Brad DeBerti has a problem most truck owners would kill for: 1,600 horsepower and nowhere to put it. His twin-turbo Ford F-150 Raptor R makes so much power that it became, in his own assessment, barely drivable. So he called BF Goodrich and asked for something the company has almost certainly never built before — a set of 39-inch racing slicks designed to fit a desert truck.
They said yes.
The result is one of the most absurd and wonderful contradictions in the current truck scene. A vehicle engineered from the factory to crawl over rocks, blast through sand washes, and soak up Baja-grade punishment is now sitting low on its suspension, wearing drag-strip rubber with zero tread. The Raptor R’s stock BF Goodrich All-Terrain T/A KO2s — as large as 37 inches — are designed to bite into loose surfaces. These slicks do the opposite: maximize the contact patch on smooth pavement so all that boost has somewhere to go.
DeBerti, a YouTuber and builder who thrives on exactly this kind of provocation, also lowered the truck. He knows Raptor purists will hate it. He also knows that outrage is currency on social media, and a slammed, slick-shod Raptor R generates plenty of both.

The build is engineered for the quarter mile, not the desert, and everything about it reflects that single-minded goal. This isn’t without precedent. Back in 2022, someone bolted slicks onto a Ram 1500 TRX — the Raptor R’s now-discontinued rival — and ran a 10.922-second quarter mile at 124 mph.
That truck was stock at 702 horsepower.

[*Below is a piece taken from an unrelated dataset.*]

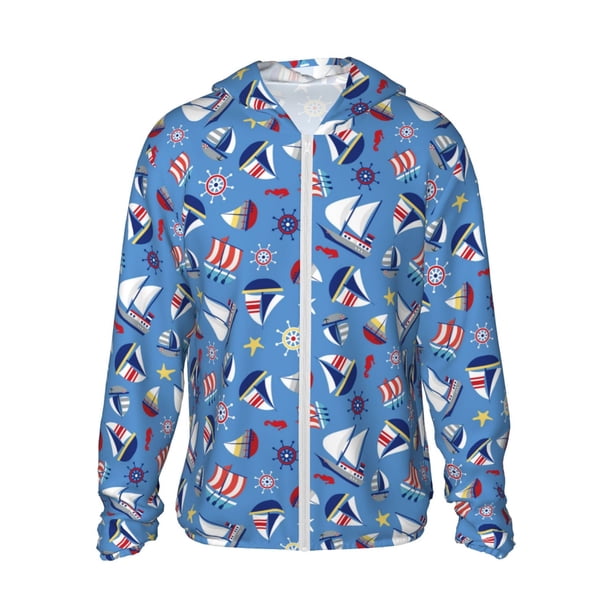 Balery Colorful Sailing Ship Sudadera ligera de manga larga con capucha y protección solar UPF 50+ para hombre y mujer, ideal para pesca y running-Medium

DeBerti’s Raptor R makes more than twice that. The quarter-mile numbers, when they come, could be genuinely startling.
The deeper tension here is what trucks like the Raptor R have become versus what buyers actually do with them. Ford builds the Raptor R around a supercharged 5.2-liter V-8 making 720 horsepower from the factory, wraps it in off-road suspension, and prices it well north of $100,000. Most will never leave pavement.
The aftermarket knows this. That’s why the hottest builds right now aren’t about adding more suspension travel — they’re about drag strips, highway pulls, and clips of tire smoke. Ford killed the original F-150 Lightning — the street-performance truck — after the 2004 model year and never looked back. Ram axed the TRX in 2024.

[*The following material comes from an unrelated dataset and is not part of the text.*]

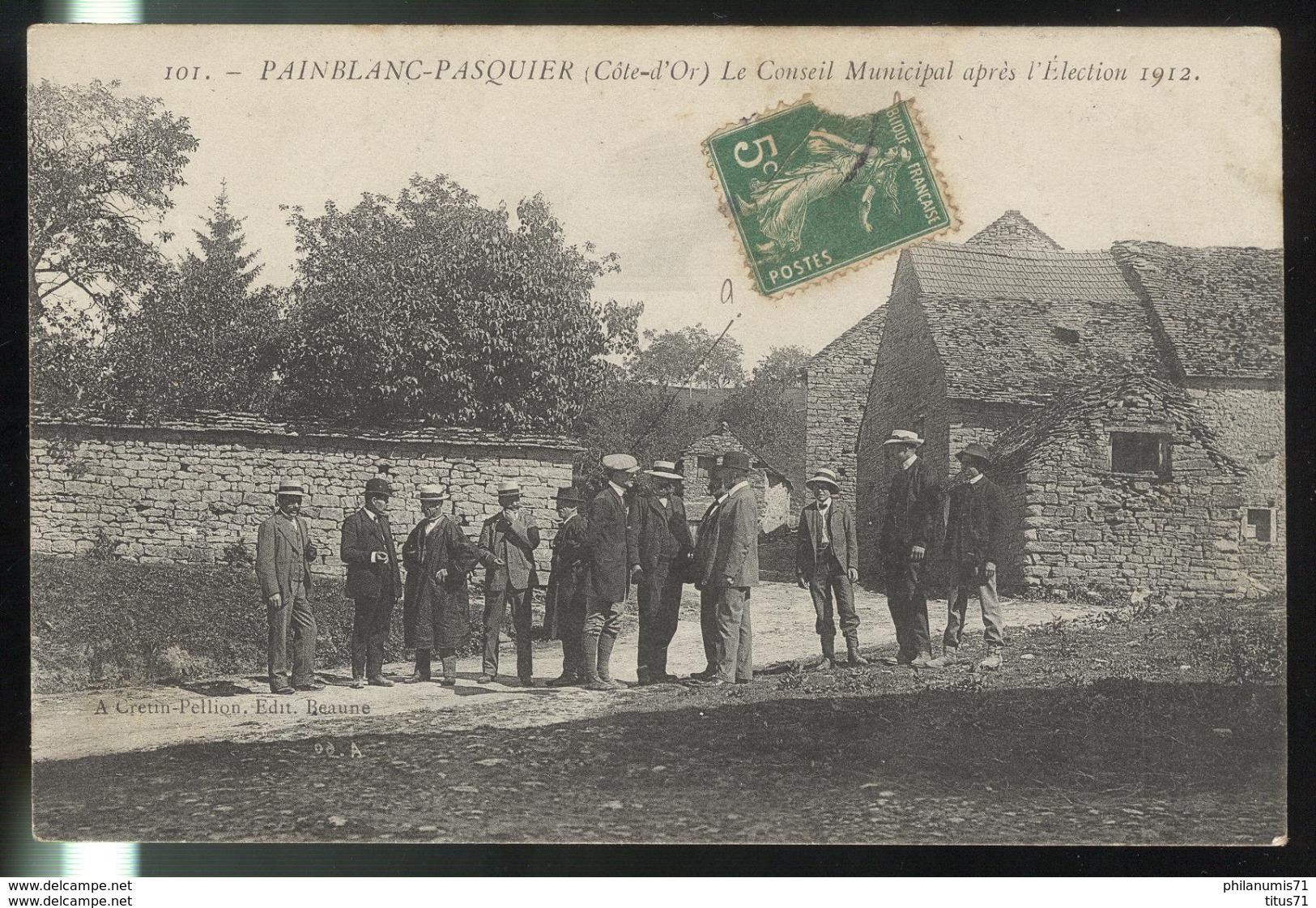 CPA Painblanc - Pasquier - Le Conseil Municipal Après L'Election 1912 - Circulée - Autres & Non Classés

Both companies decided the market wanted off-road theater over straight-line muscle. Builders like DeBerti are proving, loudly, that a significant audience disagrees. They want the big motor, the big truck, and the big slicks.

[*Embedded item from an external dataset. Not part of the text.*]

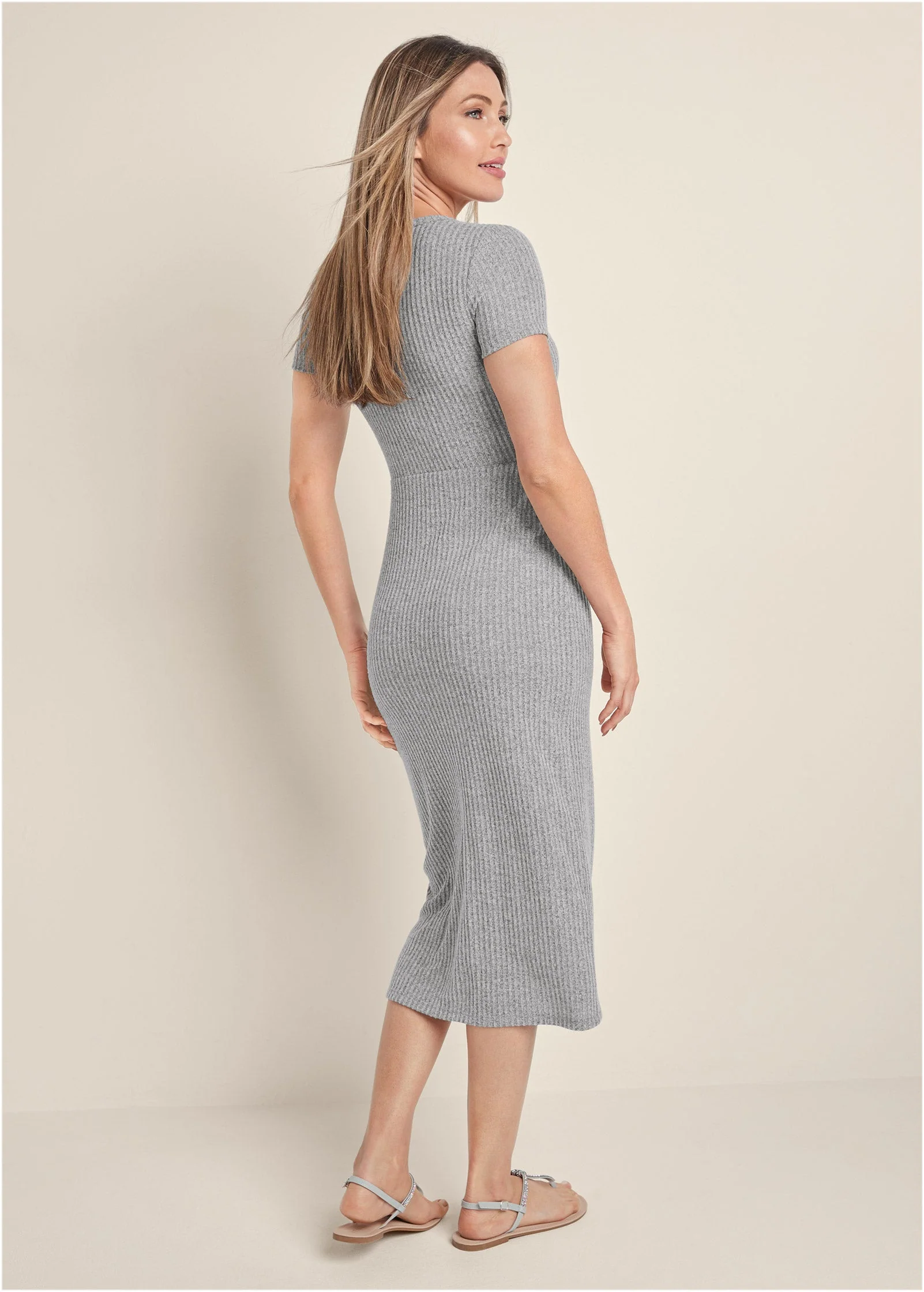 Brushed Knit Lounge Dress - Heather Grey - Image 2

They want to go fast in a straight line and they don’t care if the fenders are caked in mud or not. BF Goodrich building a custom set of 39-inch slicks for a content creator’s Raptor R tells you everything about where the truck performance market is heading. The tire company makes its reputation on off-road credibility — KO2s are practically standard equipment for overlanders — but it clearly sees value in this space too.
When your customer has 1,600 horsepower and a camera crew, you find a way to make the rubber. DeBerti hasn’t posted quarter-mile times yet. But with that much power, proper traction, and a lowered center of gravity, the numbers should be violent.
A full-size pickup truck running deep into the nines — or lower — would put it in territory that embarrasses a lot of purpose-built sports cars. And it would do it while looking like nothing the Raptor’s engineers ever imagined.